### Determining L1 and L2 Cache size of a machine

When the time comes to buy a Computer, one has to take into account so many factors; each of them accounting for a small percentage of the total performance. One such factor is the amount (or simply the presence or absence) of the L1 and L2 Cache size of a processor.

In the memory hierarchy of a processor seeking an instruction or data, L1 comes before L2 (and so on) until it hits the main memory (also called RAM) and finally the hard-disk. More explanation can be found at many sites including this and this.

The purpose of this post in not to delve into the details of what these various memory types are; rather to decide how you can actually calculate or verify them empirically (Yes, it is indeed possible!). Nowadays, we can rely on the hardware manufactures to correctly tell us the exact specifications of the processor of a machine, but back in those times it was not considered reliable to believe the vendor about the machine specifications and the norm was to run your own tests to confirm that. I shall be outlining a few steps based on matrix multiplications that can help shed some light on the processor memory in question.

All experiments were run on a Solaris cluster machine although the same principles can be easily applied to any other Operating System.

Step1: Getting the assumed values for the sake of comparison.

Solaris allows us to run fpversion to get information about the cache sizes as known to the installed version of the OS. Here's one such run, which we use as a sample machine for the explanation in the rest of the article.

---

A SPARC-based CPU is available.

Kernel says CPU's clock rate is 360.0 MHz.

Kernel says main memory's clock rate is 120.0 MHz.

Sun-4 floating-point controller version 0 found.

An UltraSPARC chip is available.

Use "-xtarget=ultra2i -xcache=16/32/1:2048/64/1" code-generation option.

Hostid = 0xXXXXXX

---

This tells me the following details:

L1 Cache is 16 KB

L1 Cache line size is 32 bytes

L1 Cache is 1-way set associative (direct-mapped)

L2 Cache is 2048 MB

L2 Cache line size is 64 bytes

L2 Cache is 1-way set associative (direct-mapped)

Step 2: Running suitable tests to figure out the L2 cache size.

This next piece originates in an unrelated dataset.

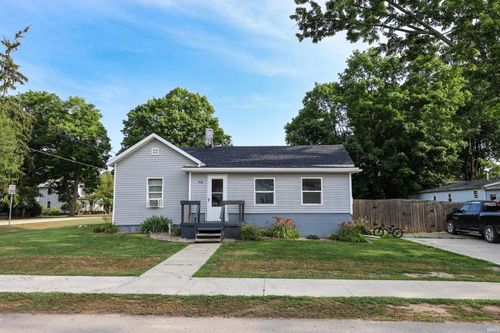 406 W Spring St, Fremont, IN, 46737-2062 | Card Image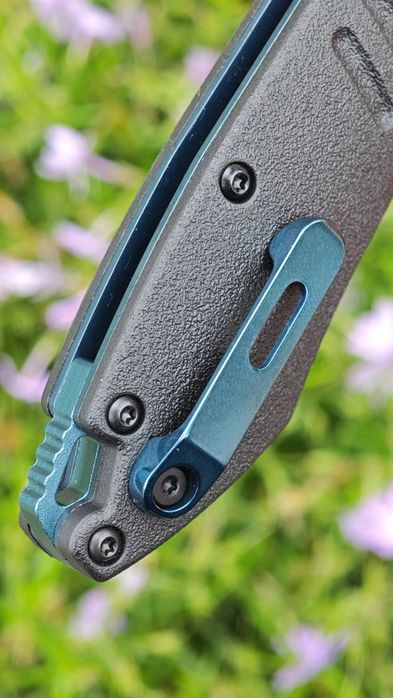 Boker Plus Bend Blackout: помічник відкриття, клинок D2, накладки GFN, дизайнер Lucas Burnley. Чудовий ніж з помічником відкриття. На кожен день EDC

Since the L2 cache is the larger of the two caches under consideration, it will (obviously) tend to hold the majority of the data values being manipulated. A good method to test this is to run a simple matrix-based multiplication algorithm (the dreaded triple nested loop). The only variable parameter to this function is the dimension of the matrix, let's say 'n'. The time taken to perform the multiplication is calculated and plotted. The point where the graph shows a drastic deterioration is considered to be the threshold when the cache size is over the limit and is causing access to the RAM.

In my program runs, n = 240 was found to be the case where the timings went haywire.

Calculations:

n=240

a double = 8 bytes on the Solaris machine

For 3 matrices, each of size n = 240, empirical cache size = 240*240*8*3, on the presumption that all 3 matrices are there in the cache at this time.

=> L2 size approximately = 1.4 MB

The machine supposedly had a cache value of 2 MB, and some difference can be attributed to the program instruction references and other programs multitasking at the same time. More careful runs will yield better results.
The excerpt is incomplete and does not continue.